Le ticket d’entrée pour l’achat d’un véhicule d’occasion équipé est d’environ 40.000 euros. Mais si son propriétaire veut un véhicule neuf, décoré et doté d’un matériel dernier cri, le montant dépasse facilement des 200.000 euros. A cela, il faut ajouter la création d’un site web, l’impression de flyers et la création d’un logo. Le total est certes inférieur à la création d’un restaurant, mais la somme n’est pas négligeable ce qui restreint les candidats. Ils sont pourtant de plus en plus nombreux à tenter l’aventure.

Et pour preuve que cette tendance devient un véritable phénomène de société, Peugeot a créé un Food Truck qui, après une présentation à Paris, deviendra le restaurant officiel du pavillon français pour la prochaine exposition universelle qui se tiendra à Milan dès le 1er mai (voir diaporama). Le groupe dit néanmoins que la commercialisation de ce concept car n'est pas prévu.
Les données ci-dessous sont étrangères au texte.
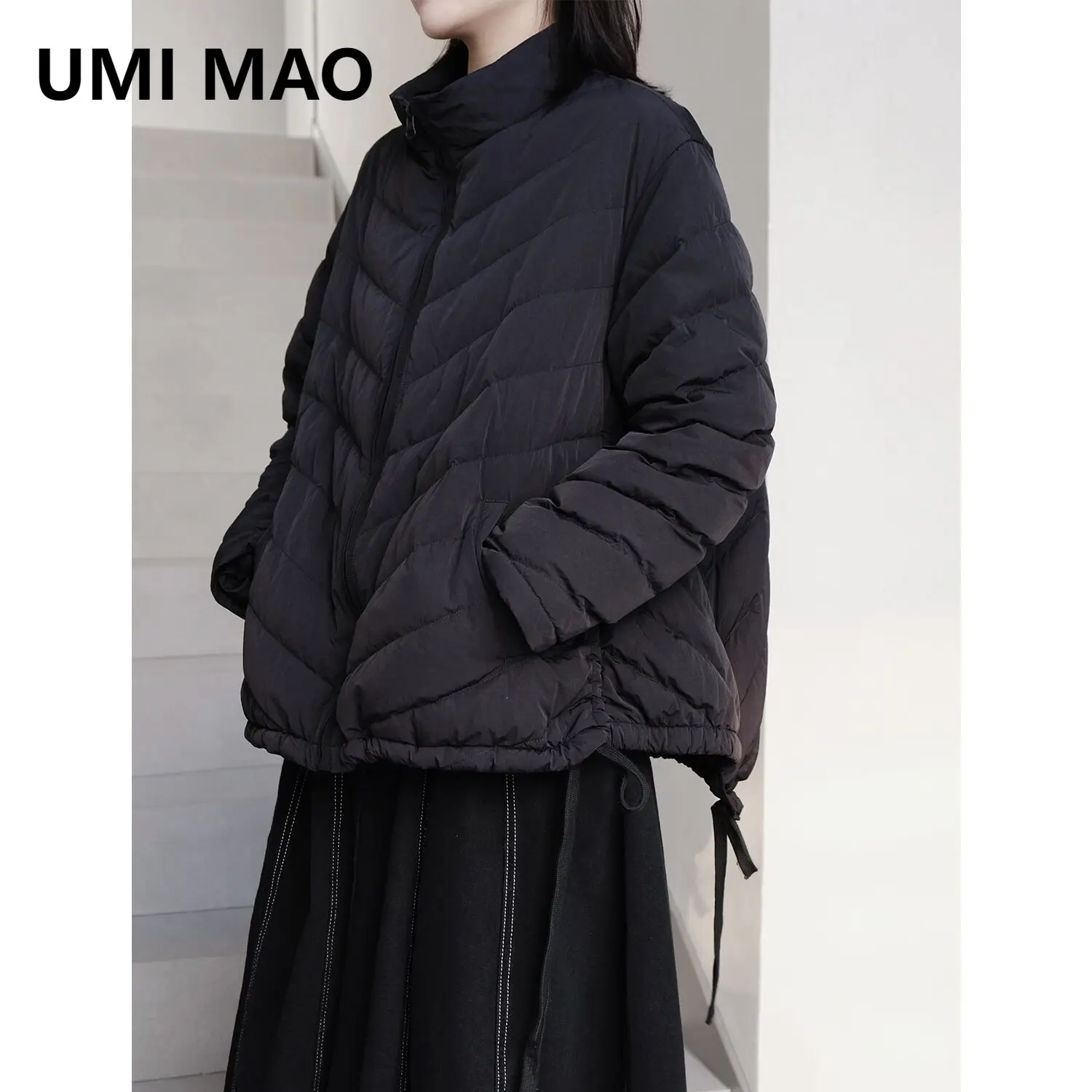 

UMI MAO Yamamoto Dark Down Jacket Japanese Hem Drawstring Minimalist Silhouette Thickened Warm Coat Winter Girl Femme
Reste que malgré tout, les restaurateurs traditionnels ne voient pas l’arrivée de ces camions d’un bon œil. Craignant une "ubérisation" de leur activité, l’Union des métiers et des industries de l’hôtellerie (Umih) réclame que cette activité "anarchique" soit régularisée.

Dans un communiqué, cette fédération qui rassemble 85% des professionnels français a déjà réagi. Elle ne propose pas leur interdiction, bien au contraire. Son but est de les intégrer pour mieux les organiser et demande au gouvernement de créer "un cadre législatif".